By Tess Newton Cain
14 November 2013
As we move closer to 2015, which brings to an end to the post-conflict 10 years of semi-autonomous government on the island of Bougainville, there is a lot of thinking and discussion about what the future may hold politically, socially and economically.
It is now 12 years since the signing of the Bougainville Peace Agreement and there are signs that what had originally been a very dynamic process of developing autonomy with a view to possible independence (to be decided by a referendum in the period 2015-2020) is losing steam. At a recent conference [pdf], President John Momis raised concerns about the apparent under-investment in the region by the Papua New Guinea government with reference to the potential political consequences of that. The political situation is further complicated by an apparent lack of understanding on the part of PNG government stakeholders as to the implications of the Bougainville Peace Agreement in terms of both substance and process. Meanwhile the Autonomous Bougainville Government is struggling with financial management and accountability in relation to funds that have been received.
A particular area of contention surrounds the possible re-opening of the Panguna copper mine. Dame Carol Kidu recently joined the Board of Bougainville Copper Ltd, the previous operators. She has argued recently that if the lessons of the past can be truly learned that there is a place for mining and resource extraction in the economic development of the country. However, other voices have expressed a wish for the mine to remain closed and for the people of Bougainville to look to other economic opportunities such as agriculture and tourism.
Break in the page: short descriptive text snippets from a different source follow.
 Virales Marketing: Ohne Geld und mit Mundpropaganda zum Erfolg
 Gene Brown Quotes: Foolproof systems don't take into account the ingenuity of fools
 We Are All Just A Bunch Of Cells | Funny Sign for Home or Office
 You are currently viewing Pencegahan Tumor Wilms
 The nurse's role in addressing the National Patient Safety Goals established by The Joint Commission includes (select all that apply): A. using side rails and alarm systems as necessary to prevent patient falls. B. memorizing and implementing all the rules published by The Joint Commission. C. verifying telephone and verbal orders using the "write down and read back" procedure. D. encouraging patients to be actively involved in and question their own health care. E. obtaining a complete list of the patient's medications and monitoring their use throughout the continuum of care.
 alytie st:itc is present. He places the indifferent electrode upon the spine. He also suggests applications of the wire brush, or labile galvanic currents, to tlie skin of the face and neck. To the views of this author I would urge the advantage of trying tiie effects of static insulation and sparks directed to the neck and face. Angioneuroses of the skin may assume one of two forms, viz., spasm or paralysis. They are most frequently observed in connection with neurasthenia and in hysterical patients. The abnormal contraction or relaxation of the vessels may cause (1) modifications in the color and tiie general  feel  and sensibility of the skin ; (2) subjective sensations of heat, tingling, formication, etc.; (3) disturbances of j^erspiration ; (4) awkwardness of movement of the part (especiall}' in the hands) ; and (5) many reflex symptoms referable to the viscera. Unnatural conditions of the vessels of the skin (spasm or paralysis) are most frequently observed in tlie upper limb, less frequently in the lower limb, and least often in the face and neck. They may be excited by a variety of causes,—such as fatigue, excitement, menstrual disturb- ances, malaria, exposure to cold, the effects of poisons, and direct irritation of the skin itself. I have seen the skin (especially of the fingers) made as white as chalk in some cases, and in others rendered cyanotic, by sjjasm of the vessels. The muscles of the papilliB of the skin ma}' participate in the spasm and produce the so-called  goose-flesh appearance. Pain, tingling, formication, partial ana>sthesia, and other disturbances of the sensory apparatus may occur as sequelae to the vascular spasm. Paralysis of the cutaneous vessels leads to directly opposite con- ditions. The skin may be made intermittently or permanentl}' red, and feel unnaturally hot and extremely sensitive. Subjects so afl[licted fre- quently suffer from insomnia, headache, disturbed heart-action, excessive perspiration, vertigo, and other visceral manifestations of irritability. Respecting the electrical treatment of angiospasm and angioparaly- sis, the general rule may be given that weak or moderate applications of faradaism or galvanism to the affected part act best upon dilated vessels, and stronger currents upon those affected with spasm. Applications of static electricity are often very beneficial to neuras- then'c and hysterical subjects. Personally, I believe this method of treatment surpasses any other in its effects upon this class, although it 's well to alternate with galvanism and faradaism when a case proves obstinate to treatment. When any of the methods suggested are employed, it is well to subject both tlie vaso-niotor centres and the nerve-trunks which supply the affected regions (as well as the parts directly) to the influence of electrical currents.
Prior to the conflict Bougainville scored consistently highly in relation to all development indicators with an enviable record of service delivery funded by Panguna. Which begs the question, can Bougainville sustain autonomy and/or independence without re-engaging with mining?
Some commentators have gone so far as to warn that there are security risks associated with proceeding to a referendum in the absence of capacity and political will to implement the resulting political settlement. They advocate an Australia-led pre-referendum injection of large-scale aid as a means of obviating the need for a RAMSI-style remediation, though whether an aid intervention can be so decisive seems unlikely. Elsewhere, Australia has been cautioned against exacerbating existing distrust arising from Australian involvement in the war and explicit encouragement for the recommencement of mining at Panguna.
The next few years will be of crucial importance for Bougainville, Papua New Guinea and the wider region. There is a lot at stake, most importantly the future wellbeing of the island’s people.